=== Input data ===
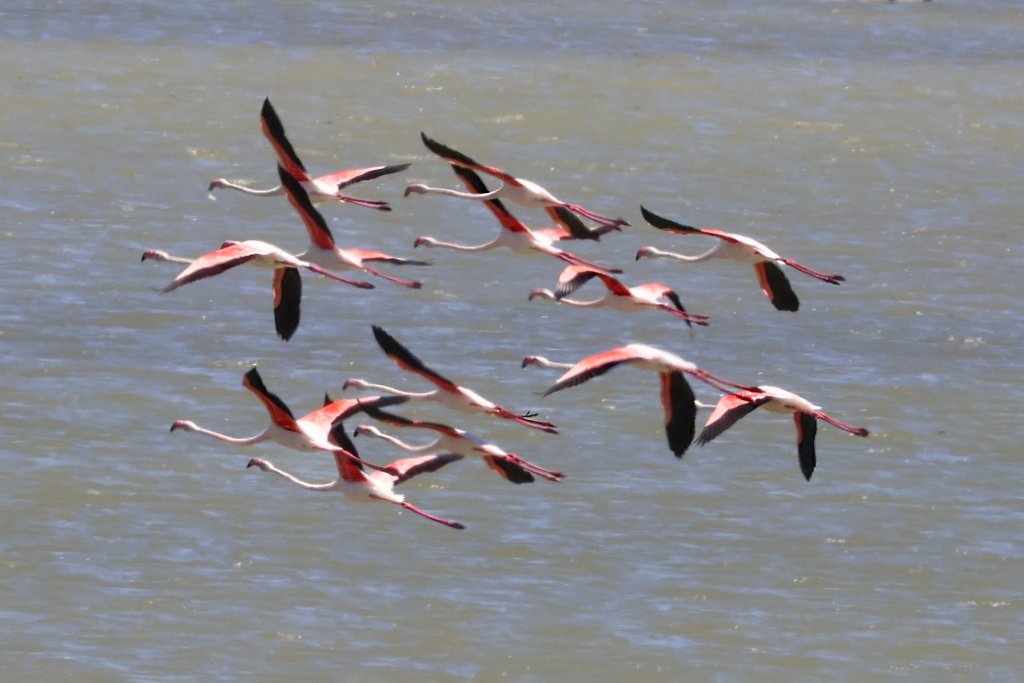 Flamingo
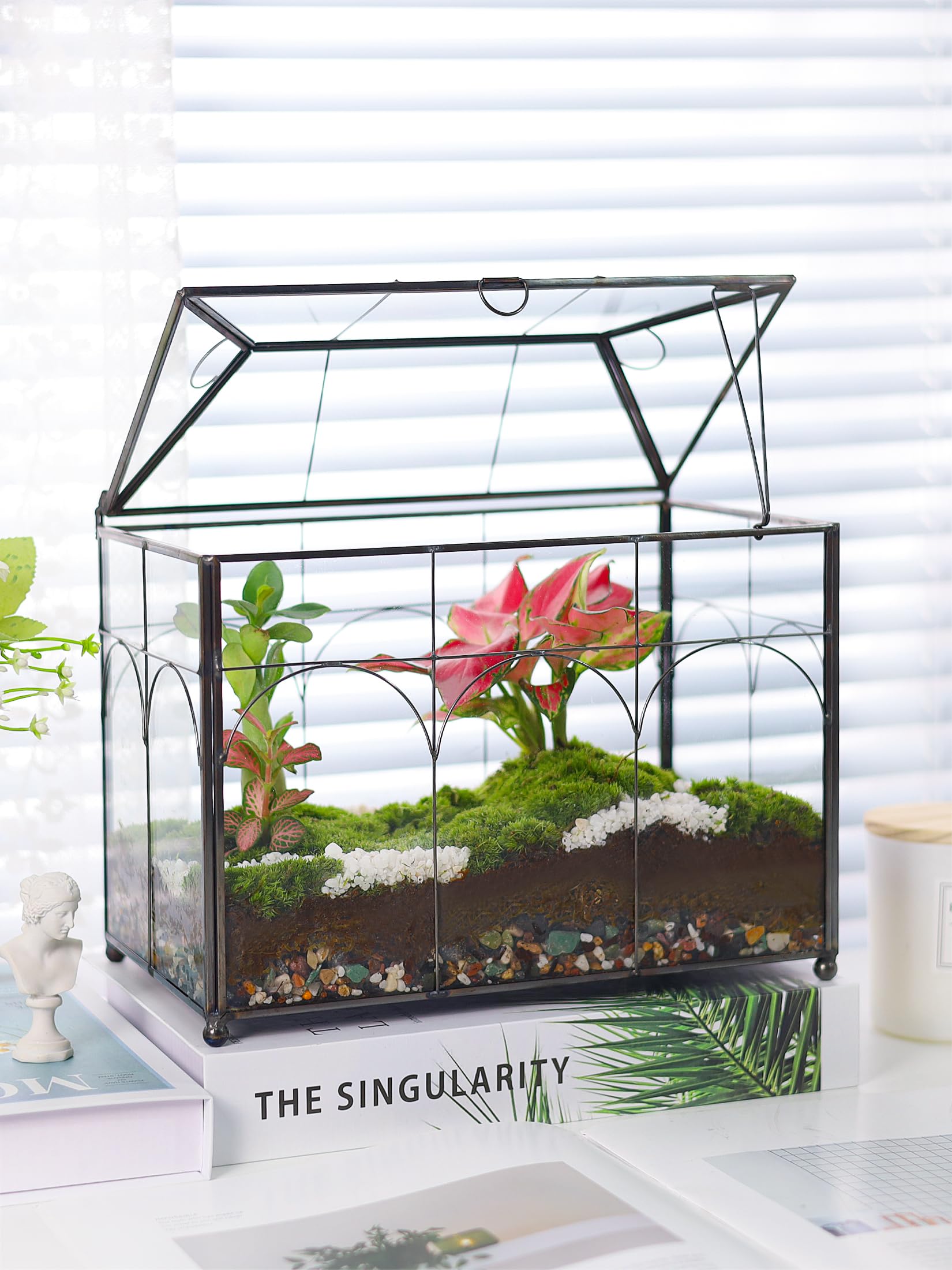 REDHUGO gift-pack terrarium includes tools for easy care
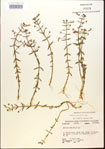 000015059-thumbnail.jpg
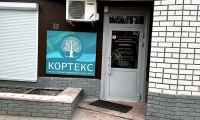 Кортекс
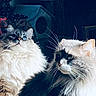 cat, cats, kitten, fluffy, long_hair, white_fur, gray_fur, black_and_white, blue_eyes, green_eyes, whiskers, pointed_ears, close_up, portrait, indoor, pet, animal, feline, cozy, pet_bed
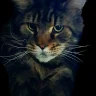 Dmitry_L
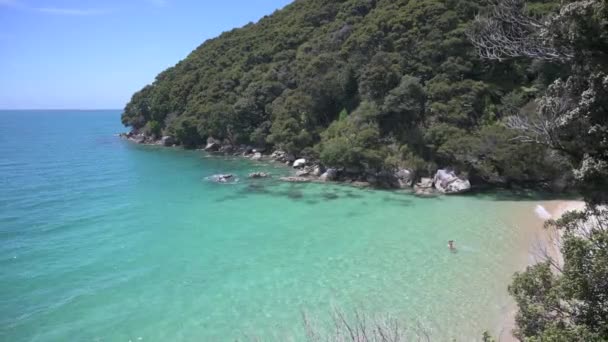 Abel Tasman的白色沙滩 — 图库视频影像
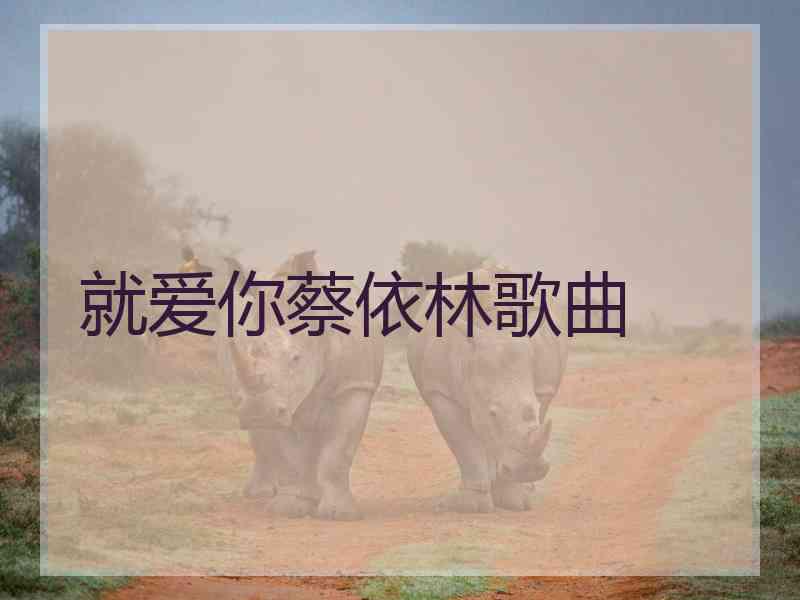 就爱你蔡依林歌曲 就爱你蔡依林歌曲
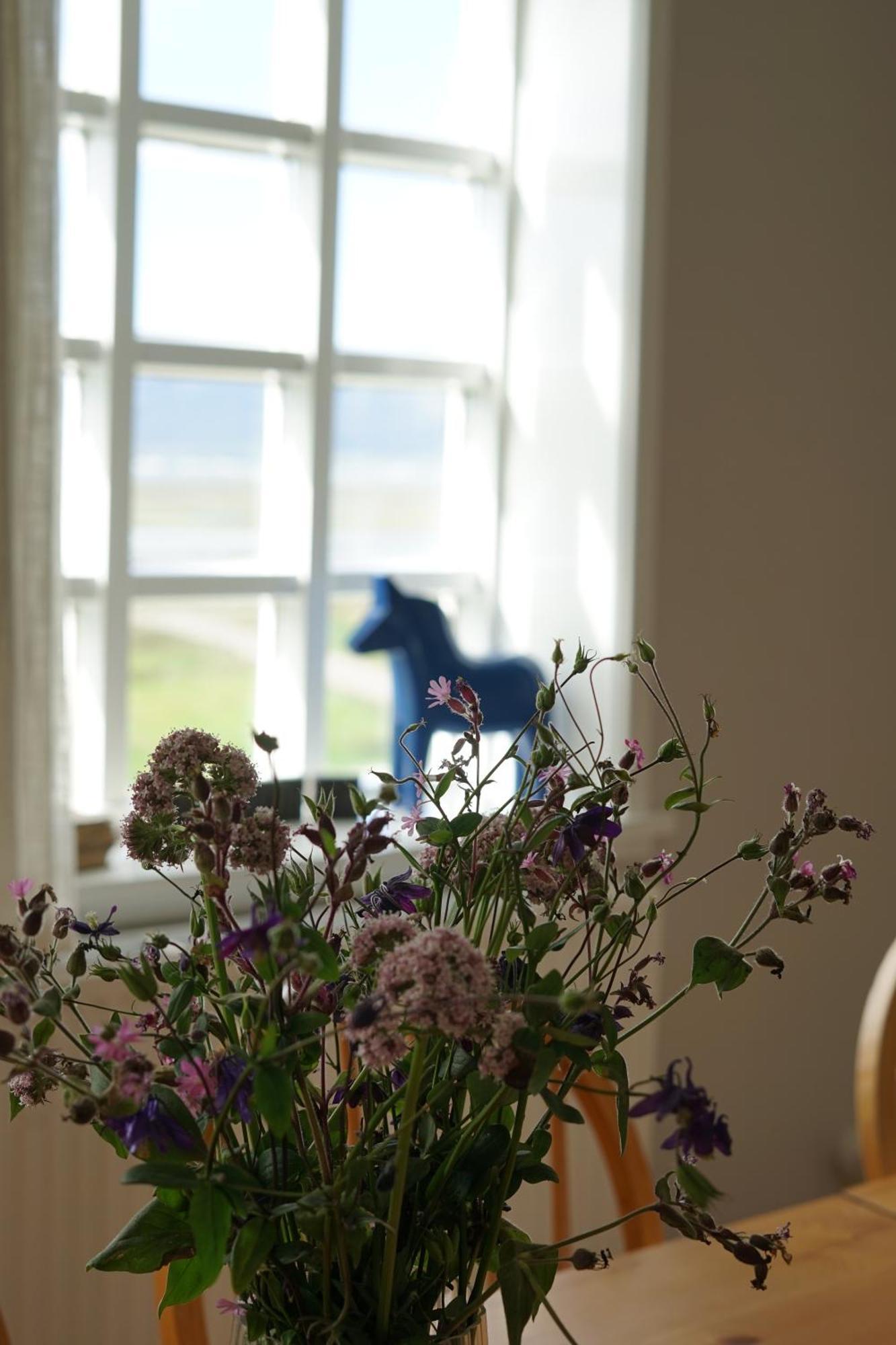 Helluland Guesthouse Saudarkrokur Bagian luar foto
===
Exercise aim: In the copy, include every entry above exactly and leave out each picture.

Finished exercise:
 Flamingo
 REDHUGO gift-pack terrarium includes tools for easy care
 000015059-thumbnail.jpg
 Кортекс
 cat, cats, kitten, fluffy, long_hair, white_fur, gray_fur, black_and_white, blue_eyes, green_eyes, whiskers, pointed_ears, close_up, portrait, indoor, pet, animal, feline, cozy, pet_bed
 Dmitry_L
 Abel Tasman的白色沙滩 — 图库视频影像
 就爱你蔡依林歌曲 就爱你蔡依林歌曲
 Helluland Guesthouse Saudarkrokur Bagian luar foto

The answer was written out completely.